# Provided entries
+ + + + + + +
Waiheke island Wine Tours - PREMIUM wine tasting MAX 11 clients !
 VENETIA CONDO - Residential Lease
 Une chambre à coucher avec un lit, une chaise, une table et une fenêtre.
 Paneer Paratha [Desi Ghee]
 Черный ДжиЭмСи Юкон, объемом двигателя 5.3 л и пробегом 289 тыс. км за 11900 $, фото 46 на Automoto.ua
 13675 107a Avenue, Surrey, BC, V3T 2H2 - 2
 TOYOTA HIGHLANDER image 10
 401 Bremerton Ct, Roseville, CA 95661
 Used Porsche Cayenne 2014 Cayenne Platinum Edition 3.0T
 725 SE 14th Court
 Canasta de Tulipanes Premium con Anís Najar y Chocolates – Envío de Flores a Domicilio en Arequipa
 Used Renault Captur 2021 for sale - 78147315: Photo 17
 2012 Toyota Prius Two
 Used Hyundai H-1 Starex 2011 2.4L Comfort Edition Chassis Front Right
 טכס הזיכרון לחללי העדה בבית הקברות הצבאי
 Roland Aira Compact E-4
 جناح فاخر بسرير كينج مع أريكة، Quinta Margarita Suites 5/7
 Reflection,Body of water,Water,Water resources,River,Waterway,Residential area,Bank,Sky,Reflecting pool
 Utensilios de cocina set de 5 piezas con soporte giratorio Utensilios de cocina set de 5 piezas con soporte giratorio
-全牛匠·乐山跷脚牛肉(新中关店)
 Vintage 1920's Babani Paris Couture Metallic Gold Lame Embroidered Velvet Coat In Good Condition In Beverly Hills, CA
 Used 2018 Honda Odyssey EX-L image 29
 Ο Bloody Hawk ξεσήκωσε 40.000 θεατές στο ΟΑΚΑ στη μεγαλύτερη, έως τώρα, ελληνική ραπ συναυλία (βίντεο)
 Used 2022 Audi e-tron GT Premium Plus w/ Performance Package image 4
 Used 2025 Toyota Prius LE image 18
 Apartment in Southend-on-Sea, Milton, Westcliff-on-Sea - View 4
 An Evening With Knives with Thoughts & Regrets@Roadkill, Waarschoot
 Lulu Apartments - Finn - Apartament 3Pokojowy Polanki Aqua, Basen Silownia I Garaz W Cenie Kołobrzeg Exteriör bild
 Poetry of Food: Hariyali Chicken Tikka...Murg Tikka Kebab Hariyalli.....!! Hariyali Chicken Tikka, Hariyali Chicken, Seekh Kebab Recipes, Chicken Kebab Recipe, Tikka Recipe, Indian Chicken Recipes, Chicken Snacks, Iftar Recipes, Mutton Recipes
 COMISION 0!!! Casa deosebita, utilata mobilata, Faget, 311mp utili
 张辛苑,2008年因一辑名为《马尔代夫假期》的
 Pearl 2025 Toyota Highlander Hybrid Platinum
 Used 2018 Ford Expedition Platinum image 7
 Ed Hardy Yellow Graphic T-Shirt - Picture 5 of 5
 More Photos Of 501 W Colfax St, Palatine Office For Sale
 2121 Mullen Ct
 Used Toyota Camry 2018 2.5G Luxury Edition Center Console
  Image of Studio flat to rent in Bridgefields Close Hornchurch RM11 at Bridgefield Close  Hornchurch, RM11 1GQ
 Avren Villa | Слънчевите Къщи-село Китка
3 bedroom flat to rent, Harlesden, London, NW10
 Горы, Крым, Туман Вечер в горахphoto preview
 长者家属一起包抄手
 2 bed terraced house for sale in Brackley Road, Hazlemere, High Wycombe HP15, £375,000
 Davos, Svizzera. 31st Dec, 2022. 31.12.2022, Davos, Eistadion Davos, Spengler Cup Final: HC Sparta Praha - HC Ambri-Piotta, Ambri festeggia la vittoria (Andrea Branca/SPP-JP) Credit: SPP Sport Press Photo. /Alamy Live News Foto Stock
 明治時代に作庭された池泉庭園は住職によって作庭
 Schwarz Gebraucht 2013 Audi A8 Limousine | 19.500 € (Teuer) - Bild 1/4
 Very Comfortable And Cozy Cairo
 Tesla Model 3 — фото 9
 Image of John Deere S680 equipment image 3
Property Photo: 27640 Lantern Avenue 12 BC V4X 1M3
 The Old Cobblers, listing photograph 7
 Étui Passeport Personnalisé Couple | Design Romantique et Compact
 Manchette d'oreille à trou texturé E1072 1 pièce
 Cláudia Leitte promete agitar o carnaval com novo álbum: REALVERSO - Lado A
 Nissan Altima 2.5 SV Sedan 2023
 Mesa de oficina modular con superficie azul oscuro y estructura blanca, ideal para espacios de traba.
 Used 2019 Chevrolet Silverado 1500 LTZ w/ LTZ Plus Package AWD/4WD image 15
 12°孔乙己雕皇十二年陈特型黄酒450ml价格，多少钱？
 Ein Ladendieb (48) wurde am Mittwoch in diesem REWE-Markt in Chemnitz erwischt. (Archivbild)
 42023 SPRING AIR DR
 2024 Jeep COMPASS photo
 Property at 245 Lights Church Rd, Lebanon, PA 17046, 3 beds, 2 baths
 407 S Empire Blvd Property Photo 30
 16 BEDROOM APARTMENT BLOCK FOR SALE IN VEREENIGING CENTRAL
+ + + + + + +
# Assignment
Above are the records. Print exactly, and only, the lines from the line with "张辛苑,2008年因一辑名为《马尔代夫假期》的" to the line with "2 bed terraced", both inclusive.

# Response
 张辛苑,2008年因一辑名为《马尔代夫假期》的
 Pearl 2025 Toyota Highlander Hybrid Platinum
 Used 2018 Ford Expedition Platinum image 7
 Ed Hardy Yellow Graphic T-Shirt - Picture 5 of 5
 More Photos Of 501 W Colfax St, Palatine Office For Sale
 2121 Mullen Ct
 Used Toyota Camry 2018 2.5G Luxury Edition Center Console
  Image of Studio flat to rent in Bridgefields Close Hornchurch RM11 at Bridgefield Close  Hornchurch, RM11 1GQ
 Avren Villa | Слънчевите Къщи-село Китка
3 bedroom flat to rent, Harlesden, London, NW10
 Горы, Крым, Туман Вечер в горахphoto preview
 长者家属一起包抄手
 2 bed terraced house for sale in Brackley Road, Hazlemere, High Wycombe HP15, £375,000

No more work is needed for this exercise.